La réforme impose à toutes les sociétés la capacité de recevoir des factures au format électronique ; les grandes entreprises et les ETI devront en outre émettre leurs factures dématérialisées via plus d’une centaine de plateformes agréées. L’obligation d’émettre pour les PME, TPE et micro-entreprises interviendra ultérieurement, à compter du 1er septembre 2027.
Sécurité au centre des préoccupations
Après deux intrusions signalées cet été dans les systèmes de la Direction générale des Finances publiques, dirigeants et experts réclament des garanties. Le ministre des Comptes publics, David Amiel, a réuni mercredi les opérateurs de plateformes pour leur rappeler les attentes de l’État sur la protection des données.

Selon Bercy, les exigences sont conçues pour être parmi les plus strictes d’Europe.
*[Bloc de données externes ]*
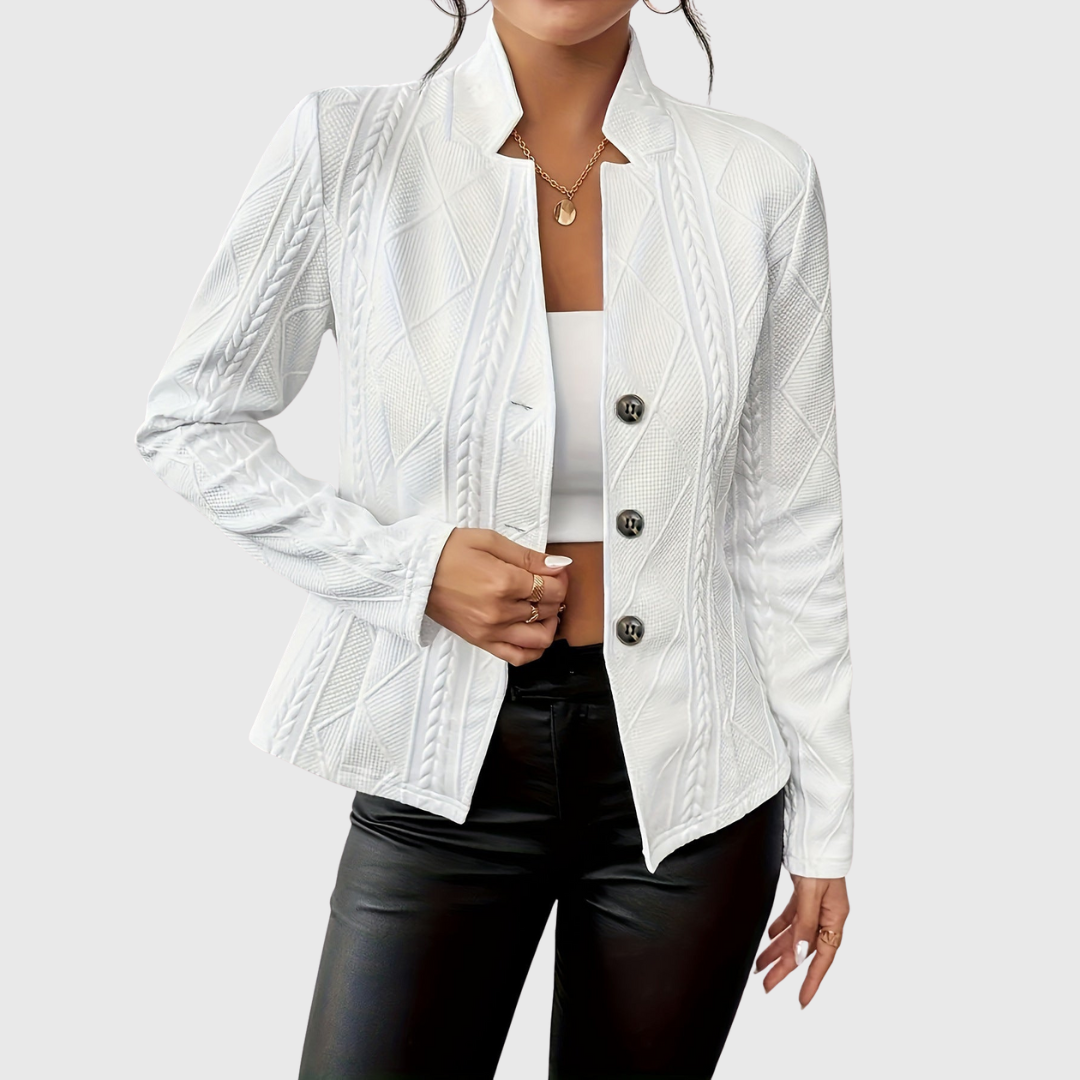 Crew Collar Textured Blazer in White — VerolynBoutique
L’administration exige notamment la mise en place de contrôles réguliers et la capacité des plateformes à démontrer en continu la robustesse de leurs dispositifs de cybersécurité.
Contrôles, tests et transparence
Le calendrier des vérifications a été précisé : des tests d’intrusion seront généralisés dès l’automne pour vérifier la conformité des opérateurs. Le gouvernement promet une communication claire sur ces exercices, évoquant une « transparence totale » autour des évaluations menées.
Parmi les mesures annoncées au cabinet du ministre :
- Tests d’intrusion réguliers et validation continue des correctifs;
- Obligation d’alerter immédiatement l’administration en cas d’incident de sécurité;
- Audits de sécurité périodiques nationaux et échanges avec l’Agence pour l’Informatique financière de l’État (AIFE);
- Mécanismes de détection d’anomalies, quotas de consultation et dispositifs de coupure d’urgence;
- Possibilité pour l’État de suspendre l’activité d’une plateforme dont le niveau de sécurité serait jugé insuffisant.
Le ministère assure aussi que l’architecture dédiée à la facturation électronique n’intègre pas de « passerelles externes » ouvertes au public : l’accès resterait strictement réservé à la DGFIP et à ses agents, réduisant ainsi les vecteurs d’attaque identifiés lors des incidents de juin et juillet.
Confiance et accompagnement pour les entreprises
Sur le terrain, les chefs d’entreprise restent attentifs non seulement à la sécurité, mais aussi à la simplicité et au coût des solutions. Le sénateur LR Daniel Laurent avait rappelé ces craintes au gouvernement, qui a répondu en soulignant l’existence d’offres adaptées à chaque taille d’entreprise, y compris des solutions gratuites ou peu onéreuses proposées par des éditeurs, banques ou logiciels de gestion.

Le ministère rappelle que la mise en route de la réforme sera progressive : aucune sanction ne sera appliquée aux entreprises en 2026, afin de privilégier l’accompagnement. À ce stade, environ 58 % des entreprises ont déjà choisi leur plateforme.
Amélie Verdier, directrice générale des Finances publiques, a par ailleurs affirmé que les vols de données de cet été n’avaient aucun lien technique avec les circuits mis en place pour la facturation électronique et que l’administration se considère prête pour le déploiement.
Pourquoi cela compte pour vous
Pour les entreprises : la réforme promet une réduction des délais de paiement et une simplification des formalités, mais elle exige aussi d’anticiper les questions de sécurité et de choisir une plateforme conforme. Pour l’administration : la généralisation de la facturation électronique doit renforcer la détection de la fraude et rendre les contrôles plus ciblés.
Reste que la réussite du dispositif dépendra de la combinaison entre robustesse technique des plateformes, vigilance continue des autorités et capacité des entreprises à se familiariser rapidement avec les nouveaux outils.